Protein extraction and 2-DE were performed as reported previously.²² Briefly, 200 μg of brain protein of control and ME7 scrapie-infected mice was dissolved in a rehydration buffer containing 8 mol/L urea, 2% CHAPS, 65 mmol/L dithiothreitol, 0.5% immobilized pH gradient (IPG) buffer (Bio-Rad), 40 mmol/L Tris-HCl, and 0.002% bromophenol blue. The brain homogenates were applied to the IPG Readystrip, 7 cm, pH 3 to 10 linear gradient (Bio-Rad). The IPG strips were rehydrated for 16 hours at 20°C using the PROTEAN isoelectric focusing cell (Bio-Rad) according to the manufacturer’s instructions. Briefly, isoelectric focusing was conducted at 250 V for 15 minutes, linearly increased throughout 2 hours to a maximum of 4000 V, and then run to accumulate a total of 20,000 Vhours. The gel strips were equilibrated before second dimensional electrophoresis for 15 minutes in 50 mmol/L Tris-HCl (pH 8.8) containing 6 mol/L urea, 30% glycerol, 2% sodium dodecyl sulfate, 0.002% bromophenol blue, and 80 mmol/L dithiothreitol or 0.025% iodoacetamide. The gel strips were then separated in 12% polyacrylamide gels to perform the second dimensional electrophoresis. The 2-DE gels were then exposed to Coomassie Brilliant Blue G-250 (CBBG-250) or silver staining. Duplicated 2-DE gels were also transferred on polyvinylidene difluoride membrane and then used for the detection of citrullinated proteins using an antibody to modified citrulline. The protein spots of immunoblotting-matched citrullinated proteins were subjected to in-gel trypsin digestion, and digested peptides were analyzed by matrix-assisted laser desorption/ionization-time of flight (MALDI-TOF) mass spectrometry (the Proteomics Service by Genomine, Pohang, Republic of Korea). The obtained peptide mass fingerprints spectra were analyzed by searching the Genomine local database and the National Centre for Biotechnology Information, nonredundant protein database with ProFound (http://prowl. rockefeller.edu/prowl-cgi/profound.exe).

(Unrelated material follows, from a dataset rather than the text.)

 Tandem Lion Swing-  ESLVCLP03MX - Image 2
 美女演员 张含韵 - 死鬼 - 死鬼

Next, to confirm the increased PAD2 expression and to determine the cellular localization of PAD2, immunohistochemical analysis was performed using various brain sections from control and scrapie-infected mice (Figure 4, A–E and F–J, respectively). In scrapie-infected brains, PAD2 immunoreactivity was more intense compared to control brains and these results correlated with the expression patterns of PAD2 protein in results of Western blot analysis (Figure 3A). According to previous reports, PAD2 is mainly expressed in glial cells such as astrocytes, oligodendrocytes, and microglial cells.^10,11,12 To further characterize the subcellular localization of PAD2, we performed double-immunofluorescence staining using GFAP, MBP, NeuN, and B4-isolectin as a marker for astrocytes, oligodendrocytes, neurons, and microglia, respectively. Interestingly, immunoreactivity was mainly observed in activated astrocytes in the brains of scrapie-infected mice. As can be seen in Figure 5, PAD2 was mainly co-localized with GFAP-positive astrocytes and in a few B4-isolectin-positive microglia, but not with MBP or NeuN. These data suggest that up-regulation of PAD2 expression in reactive astrocytes is responsible for the increased citrullinated proteins in the brains of scrapie-infected mice.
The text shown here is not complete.